Nelson v. State

Decision Date26 February 1997
Docket NumberNo. 96-1506,96-1506
Citation688 So.2d 971
Parties22 Fla. L. Weekly D529 Michael Eugene NELSON, Appellant, v. STATE of Florida, Appellee.
CourtFlorida District Court of Appeals

Richard L. Jorandby, Public Defender, and Joseph R. Chloupek, Assistant Public Defender, West Palm Beach, for appellant.

Robert A. Butterworth, Attorney General, Tallahassee, and Aubin Wade Robinson, Assistant Attorney General, West Palm Beach, for appellee.

STONE, Judge.

Appellant's conviction for first degree murder is affirmed. We find no reversible error in the trial court's denial of his motion to suppress Appellant's confession or its failure to make a more specific inquiry and finding as to the race-neutral basis for the state's peremptory challenge of a minority juror.

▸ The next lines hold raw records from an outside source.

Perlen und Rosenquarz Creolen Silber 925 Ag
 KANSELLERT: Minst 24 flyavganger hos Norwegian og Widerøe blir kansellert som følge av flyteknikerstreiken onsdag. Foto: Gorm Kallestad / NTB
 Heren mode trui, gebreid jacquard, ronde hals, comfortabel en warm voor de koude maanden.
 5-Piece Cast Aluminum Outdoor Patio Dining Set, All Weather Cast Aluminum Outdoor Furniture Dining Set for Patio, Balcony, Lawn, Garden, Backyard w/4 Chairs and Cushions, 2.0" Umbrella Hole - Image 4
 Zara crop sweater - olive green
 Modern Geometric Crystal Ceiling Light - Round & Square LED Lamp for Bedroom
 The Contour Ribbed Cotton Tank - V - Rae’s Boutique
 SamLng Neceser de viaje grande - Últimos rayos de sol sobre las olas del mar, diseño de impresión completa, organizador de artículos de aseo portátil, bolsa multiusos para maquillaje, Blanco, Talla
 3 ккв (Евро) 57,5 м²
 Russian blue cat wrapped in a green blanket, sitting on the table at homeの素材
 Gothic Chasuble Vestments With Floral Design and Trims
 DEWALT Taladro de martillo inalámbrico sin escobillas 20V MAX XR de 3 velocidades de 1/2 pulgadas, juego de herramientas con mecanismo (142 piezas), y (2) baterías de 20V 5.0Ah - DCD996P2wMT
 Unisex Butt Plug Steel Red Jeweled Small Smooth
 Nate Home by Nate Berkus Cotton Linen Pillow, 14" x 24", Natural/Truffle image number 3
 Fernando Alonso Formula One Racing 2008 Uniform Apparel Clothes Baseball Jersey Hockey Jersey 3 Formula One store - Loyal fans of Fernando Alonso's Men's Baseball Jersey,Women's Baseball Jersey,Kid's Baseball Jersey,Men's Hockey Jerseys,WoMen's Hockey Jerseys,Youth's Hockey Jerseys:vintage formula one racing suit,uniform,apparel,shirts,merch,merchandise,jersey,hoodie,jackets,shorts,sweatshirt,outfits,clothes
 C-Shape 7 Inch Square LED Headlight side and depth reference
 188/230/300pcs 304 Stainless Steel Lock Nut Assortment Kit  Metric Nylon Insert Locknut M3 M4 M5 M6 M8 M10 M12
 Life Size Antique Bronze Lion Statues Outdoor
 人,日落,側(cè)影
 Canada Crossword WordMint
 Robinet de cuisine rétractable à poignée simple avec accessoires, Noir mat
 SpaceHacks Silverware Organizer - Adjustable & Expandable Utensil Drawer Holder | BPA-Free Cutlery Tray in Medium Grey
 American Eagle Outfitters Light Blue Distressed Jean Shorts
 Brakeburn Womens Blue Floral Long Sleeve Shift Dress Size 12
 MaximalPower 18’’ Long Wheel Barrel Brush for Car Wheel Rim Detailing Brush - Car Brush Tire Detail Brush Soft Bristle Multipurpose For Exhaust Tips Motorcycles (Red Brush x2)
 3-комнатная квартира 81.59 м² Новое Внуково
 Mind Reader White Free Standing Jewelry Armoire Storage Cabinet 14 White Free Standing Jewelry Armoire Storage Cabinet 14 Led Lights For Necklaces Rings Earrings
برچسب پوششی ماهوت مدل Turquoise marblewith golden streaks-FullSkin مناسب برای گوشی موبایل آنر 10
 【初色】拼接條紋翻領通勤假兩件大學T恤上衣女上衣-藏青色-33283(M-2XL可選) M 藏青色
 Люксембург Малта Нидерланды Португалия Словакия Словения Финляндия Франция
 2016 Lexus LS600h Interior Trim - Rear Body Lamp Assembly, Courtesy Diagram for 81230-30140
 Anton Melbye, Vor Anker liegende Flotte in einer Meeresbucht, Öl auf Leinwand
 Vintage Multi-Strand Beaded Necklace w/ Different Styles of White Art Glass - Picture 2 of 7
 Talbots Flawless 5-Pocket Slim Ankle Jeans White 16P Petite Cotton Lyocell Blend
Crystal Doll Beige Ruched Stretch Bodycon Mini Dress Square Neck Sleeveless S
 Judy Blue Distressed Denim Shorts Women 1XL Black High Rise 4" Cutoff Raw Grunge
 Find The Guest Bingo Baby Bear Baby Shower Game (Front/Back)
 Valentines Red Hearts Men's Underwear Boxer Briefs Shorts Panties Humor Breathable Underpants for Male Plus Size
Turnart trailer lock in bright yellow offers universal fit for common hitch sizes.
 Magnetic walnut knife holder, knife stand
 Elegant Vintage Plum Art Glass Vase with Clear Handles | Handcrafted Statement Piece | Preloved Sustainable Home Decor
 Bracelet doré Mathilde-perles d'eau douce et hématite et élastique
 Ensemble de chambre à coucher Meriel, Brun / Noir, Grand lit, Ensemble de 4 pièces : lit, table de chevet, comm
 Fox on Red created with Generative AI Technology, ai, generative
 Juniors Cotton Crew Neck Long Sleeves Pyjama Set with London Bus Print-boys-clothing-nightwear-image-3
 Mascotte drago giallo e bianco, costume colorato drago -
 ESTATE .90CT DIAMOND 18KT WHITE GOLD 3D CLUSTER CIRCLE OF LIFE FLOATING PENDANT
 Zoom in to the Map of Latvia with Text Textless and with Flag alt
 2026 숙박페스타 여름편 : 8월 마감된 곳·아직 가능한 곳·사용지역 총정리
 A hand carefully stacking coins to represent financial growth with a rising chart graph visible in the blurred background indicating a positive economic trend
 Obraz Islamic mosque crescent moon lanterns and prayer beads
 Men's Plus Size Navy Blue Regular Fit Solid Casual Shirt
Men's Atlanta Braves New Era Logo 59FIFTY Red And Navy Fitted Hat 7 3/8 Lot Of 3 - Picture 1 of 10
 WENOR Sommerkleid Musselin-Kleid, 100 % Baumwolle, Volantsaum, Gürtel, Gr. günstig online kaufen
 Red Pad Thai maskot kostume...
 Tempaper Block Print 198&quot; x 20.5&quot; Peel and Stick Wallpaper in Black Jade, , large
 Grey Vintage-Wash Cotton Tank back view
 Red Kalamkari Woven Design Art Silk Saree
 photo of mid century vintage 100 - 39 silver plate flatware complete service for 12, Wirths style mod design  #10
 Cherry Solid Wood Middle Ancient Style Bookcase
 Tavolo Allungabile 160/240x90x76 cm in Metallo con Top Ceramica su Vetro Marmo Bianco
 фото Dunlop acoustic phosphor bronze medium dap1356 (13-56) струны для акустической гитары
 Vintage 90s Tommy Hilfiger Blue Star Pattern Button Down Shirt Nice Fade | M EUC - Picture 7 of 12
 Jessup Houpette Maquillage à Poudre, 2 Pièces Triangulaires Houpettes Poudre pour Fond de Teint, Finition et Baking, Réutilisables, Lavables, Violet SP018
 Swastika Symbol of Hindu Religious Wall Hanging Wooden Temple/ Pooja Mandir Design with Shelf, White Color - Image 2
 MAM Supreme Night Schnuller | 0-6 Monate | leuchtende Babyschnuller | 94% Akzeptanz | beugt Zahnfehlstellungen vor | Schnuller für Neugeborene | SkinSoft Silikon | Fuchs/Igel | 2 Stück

During the voir dire, in response to defense counsel's inquiry, a prospective juror indicated she could be fair but that "some things I don't like, like murder on T.V., sometimes I can't take it ... I don't particularly like looking at violent shows." The defense objected to the state's exercise of a peremptory challenge as to that juror on the grounds that the challenge was racially motivated.

The prosecutor responded that his objection to the juror was that she "tends to think emotionally and she thinks that emotions would get in her way or at least she had a reasonable doubt about it." The prosecutor also asserted to the trial court that case law required Appellant to show a pattern of conduct establishing racially motivated challenges. In overruling the defense objection, the court noted that there were a number of black female jurors whom the state had not challenged. The court thus concluded that the challenge was not racially motivated.

Appellant's taped confession was admitted at trial. The defense's motion to suppress claimed that Appellant's statements were not voluntarily given because they were the result of threats of the electric chair and promises of leniency. During the interrogation, Appellant gave conflicting versions concerning the circumstances surrounding the victim's death. Appellant claimed that he purchased beer and marijuana and went to the motel room where the victim and the victim's girlfriend lived. Appellant and the girlfriend had also been romantically involved. Appellant initially claimed that this was the last time he saw the victim.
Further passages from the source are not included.